Material for this task:
=-=-=

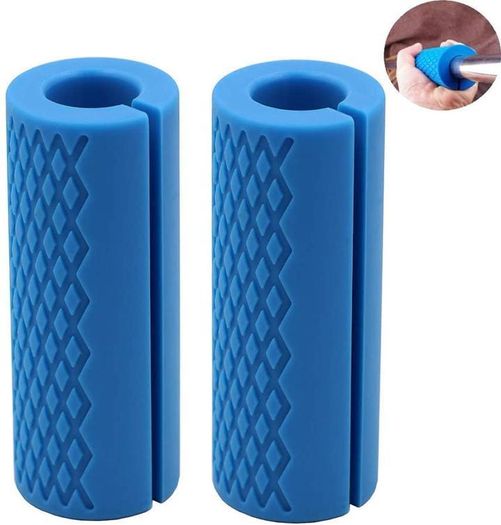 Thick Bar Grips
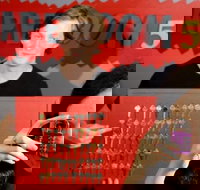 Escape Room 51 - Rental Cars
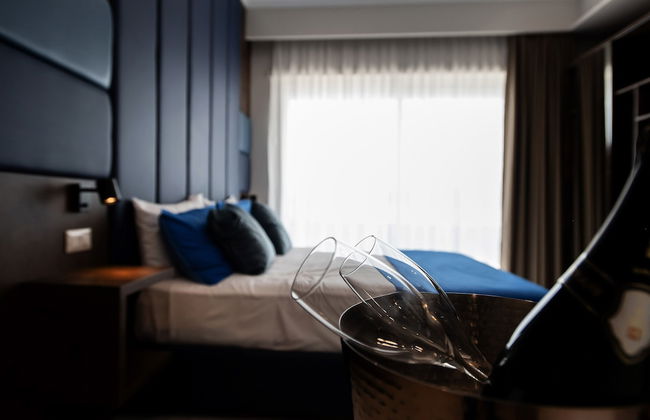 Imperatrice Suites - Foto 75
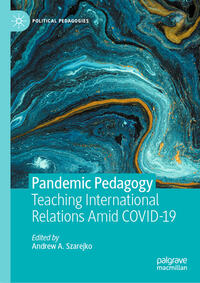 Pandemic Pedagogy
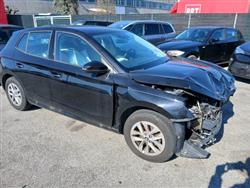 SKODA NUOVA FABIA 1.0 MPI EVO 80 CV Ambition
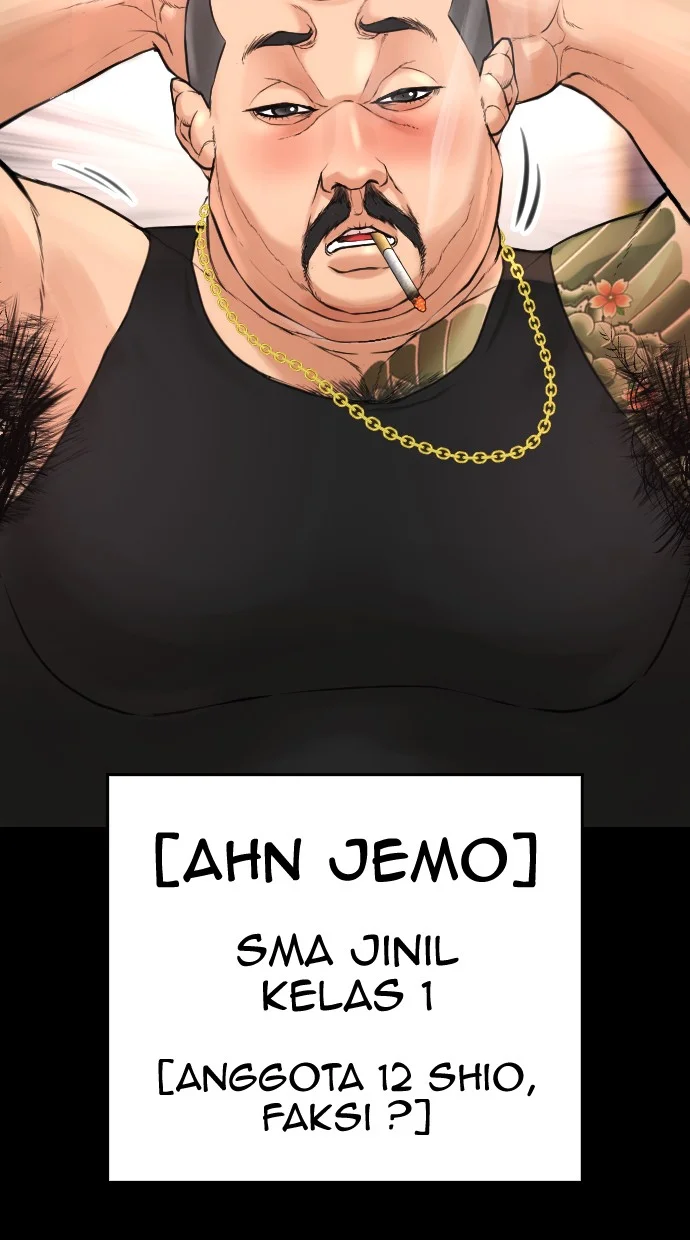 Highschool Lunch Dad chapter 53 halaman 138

=-=-=

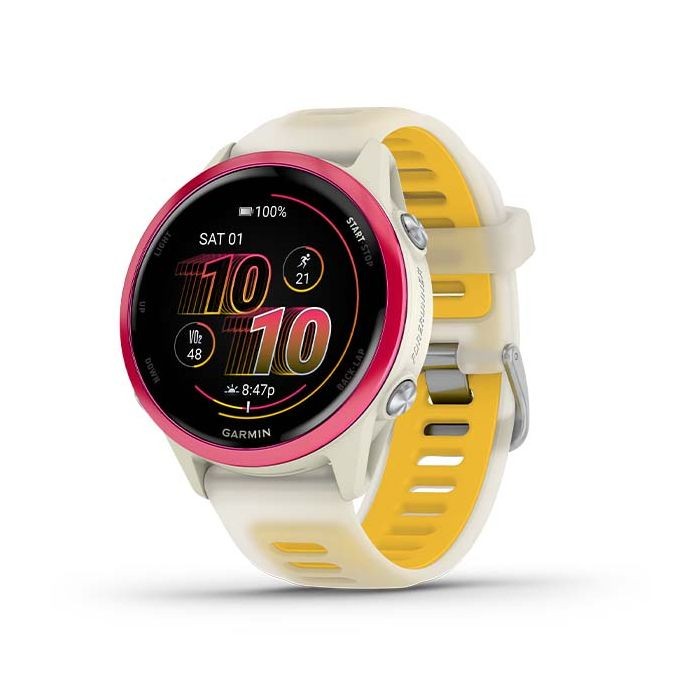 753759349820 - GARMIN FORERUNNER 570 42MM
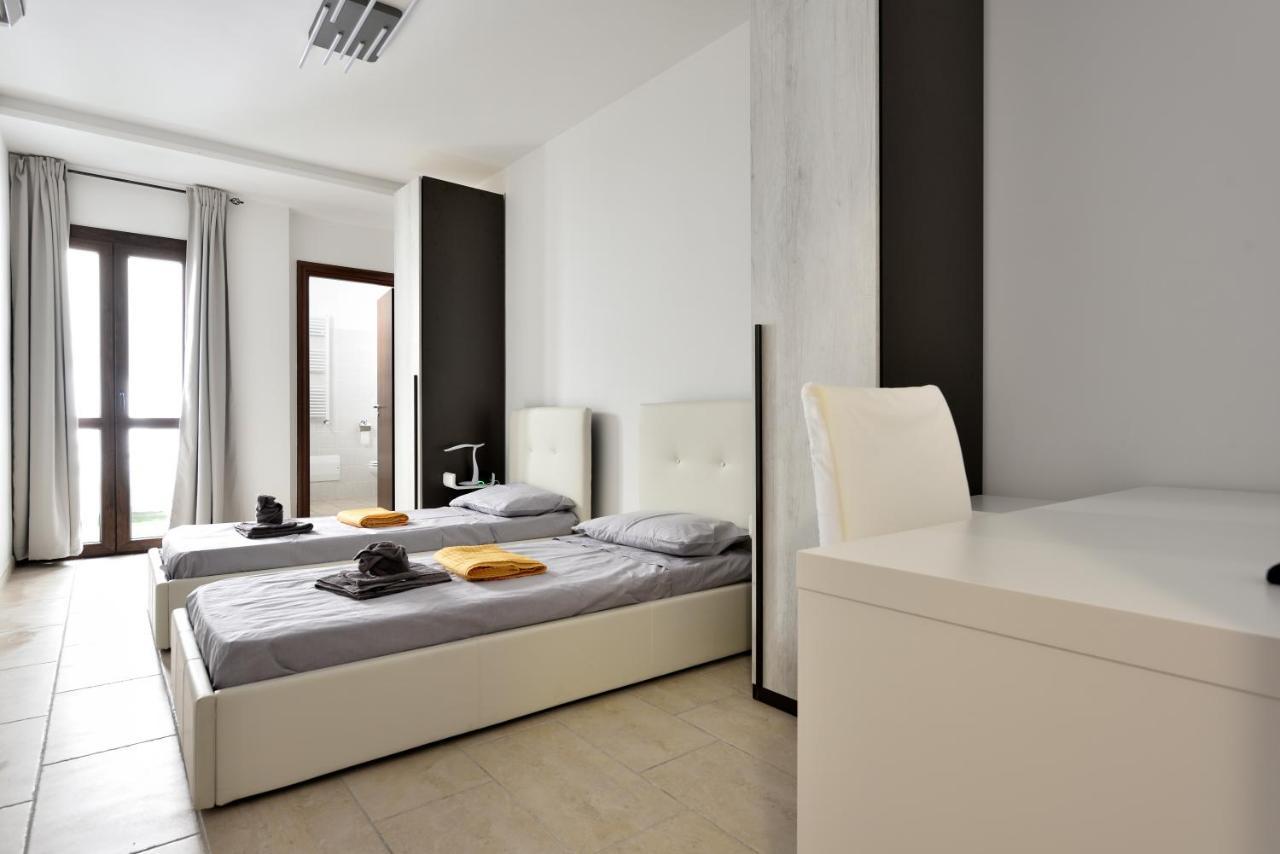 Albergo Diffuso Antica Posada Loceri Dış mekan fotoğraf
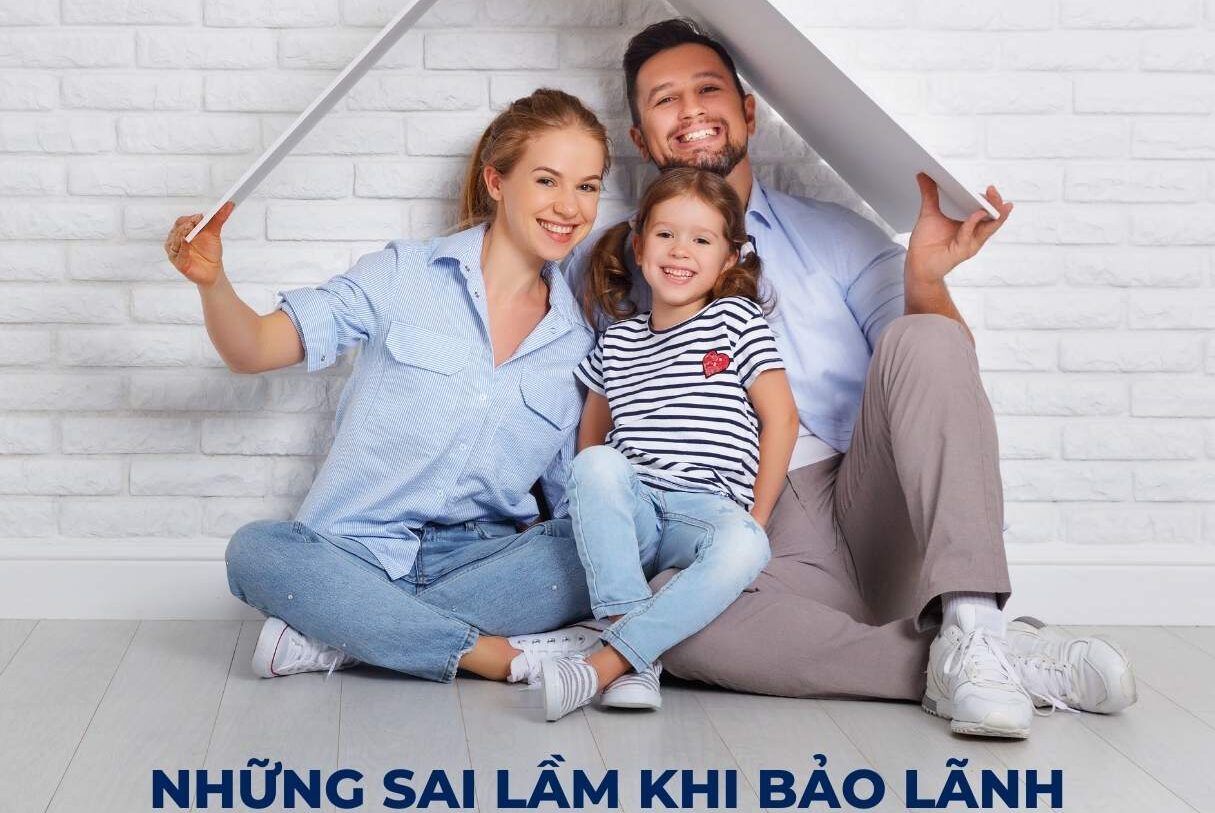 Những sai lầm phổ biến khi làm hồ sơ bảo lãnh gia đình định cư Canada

=-=-=

Work required: Would you restate, exactly and with no pictures, the lines of the entries above from the one containing "Pandemic Pedagogy" through the one containing "Highschool Lunch Dad chapter 53 halaman 138"?

Solution:
 Pandemic Pedagogy
 SKODA NUOVA FABIA 1.0 MPI EVO 80 CV Ambition
 Highschool Lunch Dad chapter 53 halaman 138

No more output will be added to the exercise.